## PROMPT
Retype the lines below exactly, but only those from the line that has "TLFWC Back to School - Supplies Distibution" through the line that has "Terrifier (2016) อิหนูกูจะฆ่ามึง". Omit every picture.

## RECORDS FOR THE EXERCISE

#####

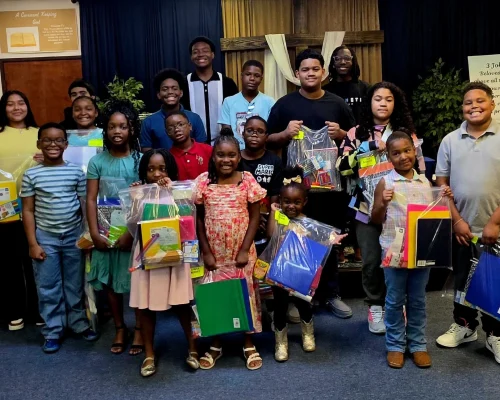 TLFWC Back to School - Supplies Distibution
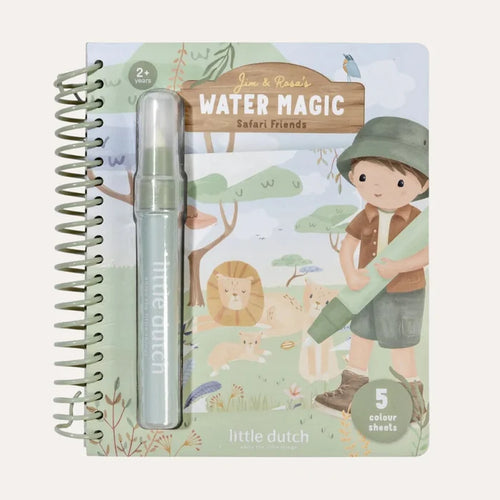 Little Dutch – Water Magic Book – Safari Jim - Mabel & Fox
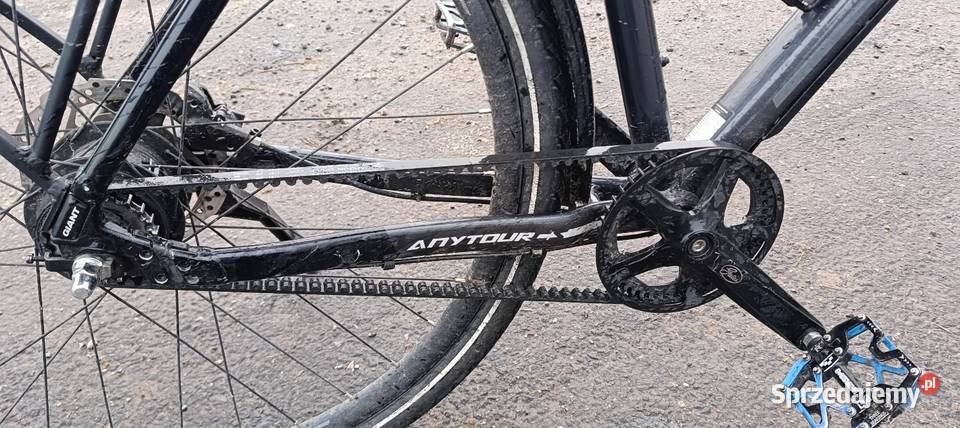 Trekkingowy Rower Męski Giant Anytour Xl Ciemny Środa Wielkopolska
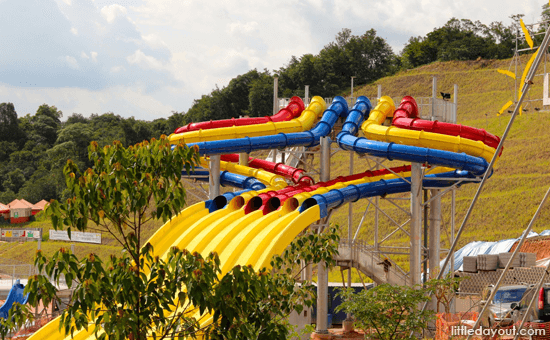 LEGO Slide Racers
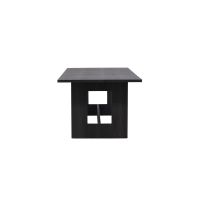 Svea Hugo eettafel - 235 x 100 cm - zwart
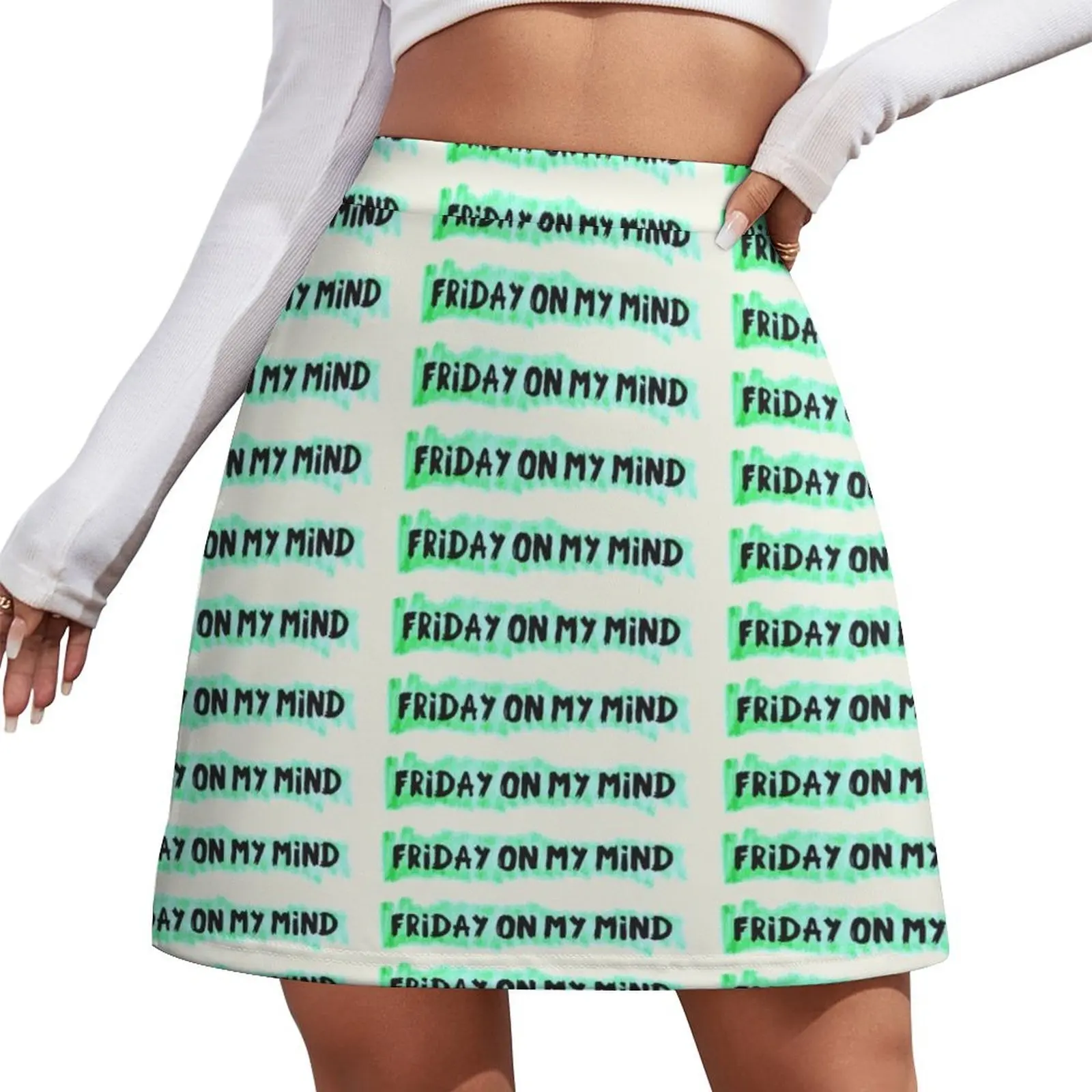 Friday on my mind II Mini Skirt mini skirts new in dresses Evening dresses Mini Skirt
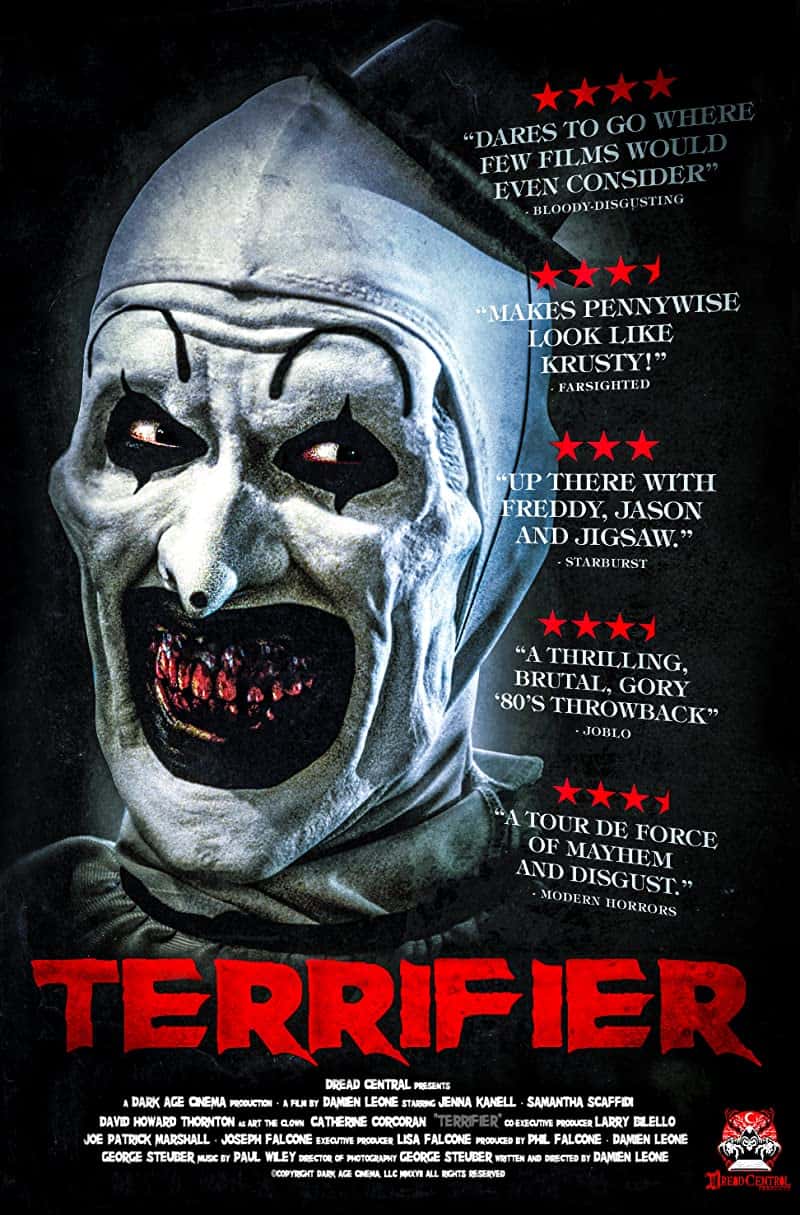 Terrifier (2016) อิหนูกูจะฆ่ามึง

#####

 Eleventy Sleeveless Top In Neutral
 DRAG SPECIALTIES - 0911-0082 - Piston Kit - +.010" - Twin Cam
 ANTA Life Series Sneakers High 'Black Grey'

#####

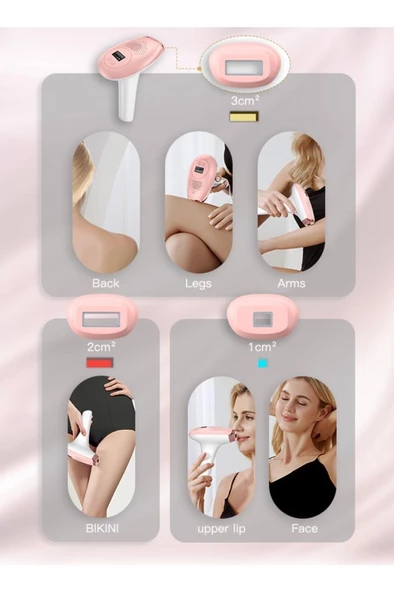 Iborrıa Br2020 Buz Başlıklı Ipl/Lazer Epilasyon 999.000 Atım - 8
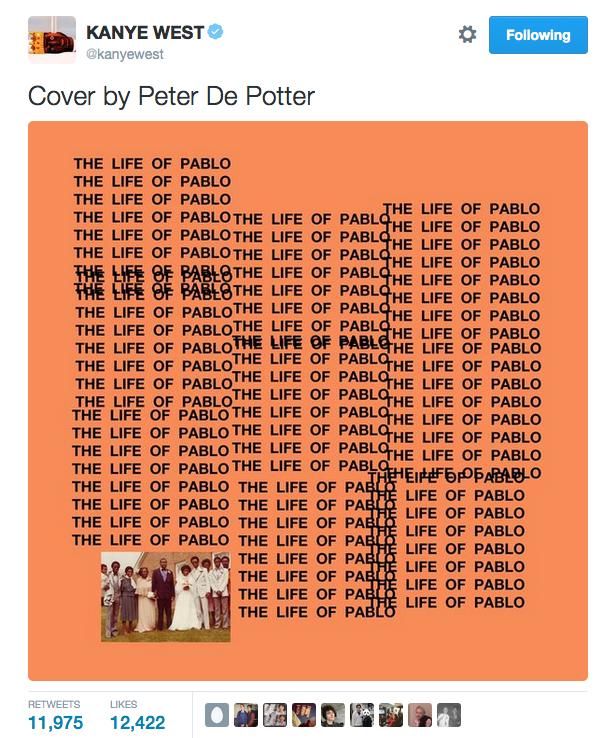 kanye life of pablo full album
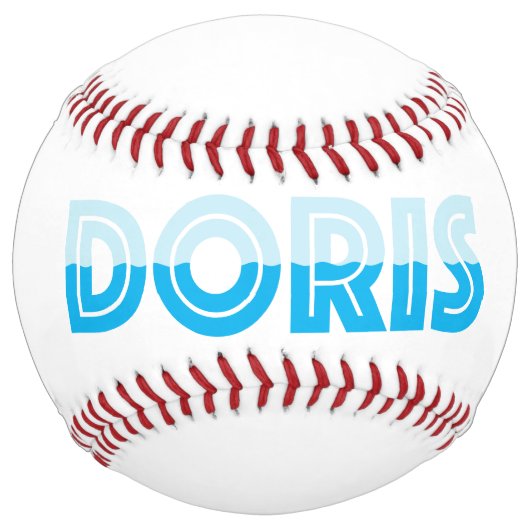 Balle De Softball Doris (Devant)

#####

## SOLVED EXERCISE
 TLFWC Back to School - Supplies Distibution
 Little Dutch – Water Magic Book – Safari Jim - Mabel & Fox
 Trekkingowy Rower Męski Giant Anytour Xl Ciemny Środa Wielkopolska
 LEGO Slide Racers
 Svea Hugo eettafel - 235 x 100 cm - zwart
 Friday on my mind II Mini Skirt mini skirts new in dresses Evening dresses Mini Skirt
 Terrifier (2016) อิหนูกูจะฆ่ามึง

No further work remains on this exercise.